Dans l’économie du concert, conçu comme un déploiement progressif, la cantate « Christ lag in Todesbanden » s’ouvre sur une brillante exécution de la Sinfonia grâce aux violons virtuoses, mais sans extravagance, de Simon Pierre et de Paul Monteiro, qui donnent à entendre à la fois la connaissance qu’avait Bach de la musique italienne de son temps, et la façon dont il l’a adaptée à son aire culturelle et religieuse. C’est sans doute, dans ce programme, l’œuvre qui comporte le plus de contrastes et d’effets vocaux et instrumentaux : chromatisme appuyé sur le mot « Tod » (« mort ») à plusieurs reprises, figuralisme sur le mot « Würger » (« étrangleur, bourreau »), allégresse absolue dans le duo final, que Caroline Weynants et le ténor Florian Sievers savent rendre communicative.

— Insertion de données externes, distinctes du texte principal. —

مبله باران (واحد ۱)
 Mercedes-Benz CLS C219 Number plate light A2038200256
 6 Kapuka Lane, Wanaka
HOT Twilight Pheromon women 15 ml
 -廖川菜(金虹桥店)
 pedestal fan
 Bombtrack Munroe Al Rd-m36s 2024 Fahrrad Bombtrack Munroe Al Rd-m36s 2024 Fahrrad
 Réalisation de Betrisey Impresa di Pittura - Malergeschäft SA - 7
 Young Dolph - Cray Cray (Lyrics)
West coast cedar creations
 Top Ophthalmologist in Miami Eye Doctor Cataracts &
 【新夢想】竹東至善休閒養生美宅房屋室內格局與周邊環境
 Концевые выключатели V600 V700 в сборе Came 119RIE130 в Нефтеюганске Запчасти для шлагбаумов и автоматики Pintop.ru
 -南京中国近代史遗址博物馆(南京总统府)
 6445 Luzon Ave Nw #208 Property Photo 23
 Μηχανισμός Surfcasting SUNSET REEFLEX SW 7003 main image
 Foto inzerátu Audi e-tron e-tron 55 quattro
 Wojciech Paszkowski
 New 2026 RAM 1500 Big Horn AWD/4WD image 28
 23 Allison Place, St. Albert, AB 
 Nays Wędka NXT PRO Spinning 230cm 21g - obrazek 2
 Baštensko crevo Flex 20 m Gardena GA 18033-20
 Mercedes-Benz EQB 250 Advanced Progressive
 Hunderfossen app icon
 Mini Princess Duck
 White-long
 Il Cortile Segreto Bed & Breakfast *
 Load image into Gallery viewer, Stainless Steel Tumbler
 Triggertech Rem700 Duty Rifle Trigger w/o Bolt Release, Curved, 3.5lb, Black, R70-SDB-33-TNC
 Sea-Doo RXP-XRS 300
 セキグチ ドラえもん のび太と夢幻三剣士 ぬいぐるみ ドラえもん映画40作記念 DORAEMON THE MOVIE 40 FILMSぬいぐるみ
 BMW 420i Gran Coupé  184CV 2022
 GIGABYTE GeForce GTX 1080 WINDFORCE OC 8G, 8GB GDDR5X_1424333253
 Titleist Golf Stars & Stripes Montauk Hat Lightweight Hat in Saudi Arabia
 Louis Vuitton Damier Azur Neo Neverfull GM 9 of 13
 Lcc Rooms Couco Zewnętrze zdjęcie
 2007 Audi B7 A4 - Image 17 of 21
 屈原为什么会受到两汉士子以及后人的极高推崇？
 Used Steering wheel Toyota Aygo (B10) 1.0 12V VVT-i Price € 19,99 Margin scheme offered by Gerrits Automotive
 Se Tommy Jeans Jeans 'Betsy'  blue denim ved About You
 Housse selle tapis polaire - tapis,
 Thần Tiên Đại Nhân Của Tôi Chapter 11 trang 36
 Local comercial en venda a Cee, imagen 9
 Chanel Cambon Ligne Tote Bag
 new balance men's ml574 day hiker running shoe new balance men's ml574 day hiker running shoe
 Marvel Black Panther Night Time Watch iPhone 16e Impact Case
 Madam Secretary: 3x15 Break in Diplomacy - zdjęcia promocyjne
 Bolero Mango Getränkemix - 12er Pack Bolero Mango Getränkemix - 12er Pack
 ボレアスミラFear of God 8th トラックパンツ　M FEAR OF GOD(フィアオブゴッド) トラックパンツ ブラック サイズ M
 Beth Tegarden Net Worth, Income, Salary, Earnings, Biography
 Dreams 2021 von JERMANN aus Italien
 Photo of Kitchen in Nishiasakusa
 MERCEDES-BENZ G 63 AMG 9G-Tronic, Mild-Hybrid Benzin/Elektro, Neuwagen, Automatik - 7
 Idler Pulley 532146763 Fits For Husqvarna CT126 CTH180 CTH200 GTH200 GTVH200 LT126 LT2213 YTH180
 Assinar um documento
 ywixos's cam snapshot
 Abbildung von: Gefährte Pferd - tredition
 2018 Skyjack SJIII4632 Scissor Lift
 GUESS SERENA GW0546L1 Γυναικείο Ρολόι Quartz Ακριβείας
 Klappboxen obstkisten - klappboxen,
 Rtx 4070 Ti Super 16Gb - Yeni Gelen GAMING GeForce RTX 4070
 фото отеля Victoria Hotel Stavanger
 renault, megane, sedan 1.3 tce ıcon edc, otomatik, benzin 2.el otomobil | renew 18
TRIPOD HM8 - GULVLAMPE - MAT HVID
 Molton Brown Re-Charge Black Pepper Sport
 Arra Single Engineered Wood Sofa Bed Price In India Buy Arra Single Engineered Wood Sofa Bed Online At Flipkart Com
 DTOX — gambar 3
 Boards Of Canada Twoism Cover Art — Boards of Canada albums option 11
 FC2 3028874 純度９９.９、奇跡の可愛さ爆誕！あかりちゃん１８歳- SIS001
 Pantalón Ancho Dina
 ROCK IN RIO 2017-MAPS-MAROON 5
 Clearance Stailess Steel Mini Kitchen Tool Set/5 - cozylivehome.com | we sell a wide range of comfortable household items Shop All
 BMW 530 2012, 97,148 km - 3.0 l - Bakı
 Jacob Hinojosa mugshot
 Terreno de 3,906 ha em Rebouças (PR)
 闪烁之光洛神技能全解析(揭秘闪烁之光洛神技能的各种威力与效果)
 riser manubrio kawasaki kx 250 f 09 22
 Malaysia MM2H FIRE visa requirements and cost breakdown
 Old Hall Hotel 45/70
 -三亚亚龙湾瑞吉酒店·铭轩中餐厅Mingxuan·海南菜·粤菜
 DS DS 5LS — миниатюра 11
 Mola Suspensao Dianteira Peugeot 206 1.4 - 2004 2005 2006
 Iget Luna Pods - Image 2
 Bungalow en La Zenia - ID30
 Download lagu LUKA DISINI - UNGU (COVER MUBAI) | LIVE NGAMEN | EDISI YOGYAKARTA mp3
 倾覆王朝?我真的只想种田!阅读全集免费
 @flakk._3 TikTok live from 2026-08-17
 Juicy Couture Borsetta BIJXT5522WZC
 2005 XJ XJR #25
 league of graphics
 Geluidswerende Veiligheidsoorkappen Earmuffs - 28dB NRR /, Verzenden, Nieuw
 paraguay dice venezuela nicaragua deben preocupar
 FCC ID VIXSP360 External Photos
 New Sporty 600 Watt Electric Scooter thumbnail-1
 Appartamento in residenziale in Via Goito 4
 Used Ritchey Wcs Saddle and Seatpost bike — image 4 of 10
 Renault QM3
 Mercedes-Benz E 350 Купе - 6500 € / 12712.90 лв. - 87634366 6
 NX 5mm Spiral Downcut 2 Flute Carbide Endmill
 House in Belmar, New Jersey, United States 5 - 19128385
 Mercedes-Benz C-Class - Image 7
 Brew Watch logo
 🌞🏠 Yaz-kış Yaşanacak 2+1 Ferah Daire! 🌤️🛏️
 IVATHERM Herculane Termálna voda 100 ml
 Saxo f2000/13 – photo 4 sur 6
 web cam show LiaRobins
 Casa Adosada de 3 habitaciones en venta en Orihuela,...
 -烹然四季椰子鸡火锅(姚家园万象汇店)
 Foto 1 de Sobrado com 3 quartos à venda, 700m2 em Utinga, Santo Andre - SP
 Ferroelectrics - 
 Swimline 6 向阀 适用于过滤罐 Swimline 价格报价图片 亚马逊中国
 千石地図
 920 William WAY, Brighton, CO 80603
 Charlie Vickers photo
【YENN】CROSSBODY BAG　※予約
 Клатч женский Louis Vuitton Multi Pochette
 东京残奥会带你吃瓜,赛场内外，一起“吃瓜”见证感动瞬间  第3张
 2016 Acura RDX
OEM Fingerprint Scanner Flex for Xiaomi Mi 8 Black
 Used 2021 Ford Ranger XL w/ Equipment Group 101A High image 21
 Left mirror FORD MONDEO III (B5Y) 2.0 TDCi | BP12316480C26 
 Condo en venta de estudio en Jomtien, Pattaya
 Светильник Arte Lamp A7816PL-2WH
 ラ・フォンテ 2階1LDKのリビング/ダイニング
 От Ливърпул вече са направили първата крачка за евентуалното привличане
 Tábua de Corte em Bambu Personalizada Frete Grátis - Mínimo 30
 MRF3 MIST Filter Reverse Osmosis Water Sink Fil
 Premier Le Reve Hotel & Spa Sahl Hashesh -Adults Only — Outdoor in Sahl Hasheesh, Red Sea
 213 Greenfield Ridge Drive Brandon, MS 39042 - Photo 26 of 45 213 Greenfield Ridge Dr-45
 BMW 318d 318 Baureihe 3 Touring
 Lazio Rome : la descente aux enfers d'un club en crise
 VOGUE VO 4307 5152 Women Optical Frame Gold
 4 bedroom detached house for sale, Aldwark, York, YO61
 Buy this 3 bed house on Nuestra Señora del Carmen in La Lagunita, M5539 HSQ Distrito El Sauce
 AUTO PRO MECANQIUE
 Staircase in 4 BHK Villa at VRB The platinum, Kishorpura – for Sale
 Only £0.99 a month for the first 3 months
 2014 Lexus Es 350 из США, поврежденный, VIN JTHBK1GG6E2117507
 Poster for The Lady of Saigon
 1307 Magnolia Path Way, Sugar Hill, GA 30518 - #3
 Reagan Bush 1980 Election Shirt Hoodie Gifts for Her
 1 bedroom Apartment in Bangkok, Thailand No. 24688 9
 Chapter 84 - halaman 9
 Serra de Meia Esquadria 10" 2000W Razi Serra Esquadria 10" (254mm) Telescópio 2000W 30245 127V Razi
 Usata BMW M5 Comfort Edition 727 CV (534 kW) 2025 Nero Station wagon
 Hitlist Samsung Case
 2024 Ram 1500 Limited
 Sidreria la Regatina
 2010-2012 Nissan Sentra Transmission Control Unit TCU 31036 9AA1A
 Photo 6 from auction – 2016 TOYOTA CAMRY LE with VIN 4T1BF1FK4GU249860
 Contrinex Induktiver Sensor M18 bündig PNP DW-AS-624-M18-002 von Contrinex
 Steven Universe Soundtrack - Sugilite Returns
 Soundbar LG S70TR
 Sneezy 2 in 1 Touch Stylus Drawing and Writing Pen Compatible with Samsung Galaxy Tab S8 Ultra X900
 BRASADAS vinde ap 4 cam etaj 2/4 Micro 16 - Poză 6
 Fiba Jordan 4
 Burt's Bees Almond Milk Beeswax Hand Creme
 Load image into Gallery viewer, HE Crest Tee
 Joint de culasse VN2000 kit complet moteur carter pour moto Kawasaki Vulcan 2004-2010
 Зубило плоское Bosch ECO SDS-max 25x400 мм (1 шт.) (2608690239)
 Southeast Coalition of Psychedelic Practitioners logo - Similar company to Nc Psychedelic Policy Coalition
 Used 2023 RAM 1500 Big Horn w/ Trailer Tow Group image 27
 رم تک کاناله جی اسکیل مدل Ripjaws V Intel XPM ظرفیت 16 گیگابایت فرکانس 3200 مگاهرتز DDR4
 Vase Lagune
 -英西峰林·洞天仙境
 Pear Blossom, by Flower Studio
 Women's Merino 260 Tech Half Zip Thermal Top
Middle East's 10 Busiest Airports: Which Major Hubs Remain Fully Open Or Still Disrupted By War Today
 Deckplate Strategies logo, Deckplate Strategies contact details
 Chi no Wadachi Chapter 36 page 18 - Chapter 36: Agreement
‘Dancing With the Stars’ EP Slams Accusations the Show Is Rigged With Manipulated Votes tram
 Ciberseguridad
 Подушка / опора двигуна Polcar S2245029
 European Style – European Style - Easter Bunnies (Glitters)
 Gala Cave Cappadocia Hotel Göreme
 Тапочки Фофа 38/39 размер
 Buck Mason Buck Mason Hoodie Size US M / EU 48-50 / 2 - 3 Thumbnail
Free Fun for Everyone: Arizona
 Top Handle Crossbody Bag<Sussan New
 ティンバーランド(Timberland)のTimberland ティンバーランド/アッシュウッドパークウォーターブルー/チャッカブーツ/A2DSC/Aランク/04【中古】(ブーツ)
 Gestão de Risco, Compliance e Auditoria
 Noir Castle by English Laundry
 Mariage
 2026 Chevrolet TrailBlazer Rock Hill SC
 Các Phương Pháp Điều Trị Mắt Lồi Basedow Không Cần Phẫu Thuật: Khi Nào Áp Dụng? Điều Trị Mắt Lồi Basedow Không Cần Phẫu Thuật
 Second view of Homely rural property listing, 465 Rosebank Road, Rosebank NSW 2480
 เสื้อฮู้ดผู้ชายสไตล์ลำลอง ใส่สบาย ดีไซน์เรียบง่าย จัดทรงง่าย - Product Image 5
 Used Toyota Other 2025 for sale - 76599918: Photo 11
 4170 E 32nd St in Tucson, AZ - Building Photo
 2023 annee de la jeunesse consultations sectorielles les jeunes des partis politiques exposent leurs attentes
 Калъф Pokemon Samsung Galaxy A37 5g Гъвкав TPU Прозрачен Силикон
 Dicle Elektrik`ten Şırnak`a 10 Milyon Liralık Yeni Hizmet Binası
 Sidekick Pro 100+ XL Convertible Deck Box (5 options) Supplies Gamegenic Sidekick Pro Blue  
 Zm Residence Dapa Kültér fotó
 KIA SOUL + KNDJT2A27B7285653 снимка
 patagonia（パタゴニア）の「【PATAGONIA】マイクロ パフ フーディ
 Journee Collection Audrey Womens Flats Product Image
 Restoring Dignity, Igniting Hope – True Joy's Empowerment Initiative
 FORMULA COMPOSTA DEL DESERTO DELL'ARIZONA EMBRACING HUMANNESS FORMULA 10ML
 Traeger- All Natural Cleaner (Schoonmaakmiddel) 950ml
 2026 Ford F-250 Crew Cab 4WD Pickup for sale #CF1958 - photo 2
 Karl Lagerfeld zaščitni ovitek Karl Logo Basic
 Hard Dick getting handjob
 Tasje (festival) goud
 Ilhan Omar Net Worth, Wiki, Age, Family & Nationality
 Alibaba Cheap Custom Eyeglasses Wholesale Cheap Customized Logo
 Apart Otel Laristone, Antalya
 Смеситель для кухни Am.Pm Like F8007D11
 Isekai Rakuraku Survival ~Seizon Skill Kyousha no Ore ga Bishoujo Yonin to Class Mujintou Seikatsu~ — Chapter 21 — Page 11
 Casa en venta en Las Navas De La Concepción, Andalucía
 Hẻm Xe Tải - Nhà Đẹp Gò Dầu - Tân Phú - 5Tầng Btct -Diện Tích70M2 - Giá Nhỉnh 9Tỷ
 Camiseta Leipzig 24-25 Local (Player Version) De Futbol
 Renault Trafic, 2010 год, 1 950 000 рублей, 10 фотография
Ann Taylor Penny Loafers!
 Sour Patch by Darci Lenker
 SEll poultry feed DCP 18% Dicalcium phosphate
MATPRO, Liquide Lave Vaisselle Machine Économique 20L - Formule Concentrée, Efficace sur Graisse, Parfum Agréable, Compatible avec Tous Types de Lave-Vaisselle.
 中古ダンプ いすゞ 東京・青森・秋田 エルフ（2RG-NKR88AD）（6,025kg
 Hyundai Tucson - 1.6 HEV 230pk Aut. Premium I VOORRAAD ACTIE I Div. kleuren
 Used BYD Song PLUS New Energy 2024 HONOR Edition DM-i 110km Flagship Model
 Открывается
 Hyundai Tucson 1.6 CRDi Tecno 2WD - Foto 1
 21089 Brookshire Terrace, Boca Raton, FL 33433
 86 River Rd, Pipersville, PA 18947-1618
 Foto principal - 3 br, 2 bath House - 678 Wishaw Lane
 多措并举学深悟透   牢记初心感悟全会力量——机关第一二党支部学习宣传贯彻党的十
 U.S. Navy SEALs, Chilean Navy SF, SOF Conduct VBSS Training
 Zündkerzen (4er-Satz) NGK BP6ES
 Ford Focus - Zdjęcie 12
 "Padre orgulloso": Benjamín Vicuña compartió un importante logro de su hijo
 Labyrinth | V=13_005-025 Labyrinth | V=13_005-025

En soulignant la qualité exemplaire de chaque interprète, aux instruments et au chant (chacune et chacun mériterait d’être cité nommément), on signalera encore les remarquables interventions de la basse René Ramos Premier, qui allie la puissance sonore et la sensibilité.
Il faut enfin savoir gré à l’organisation du festival d’avoir prévu dans le programme de salle le texte intégral des cantates en version bilingue, permettant au public de suivre le détail des paroles dont on sait l’importance que leur accordait le compositeur.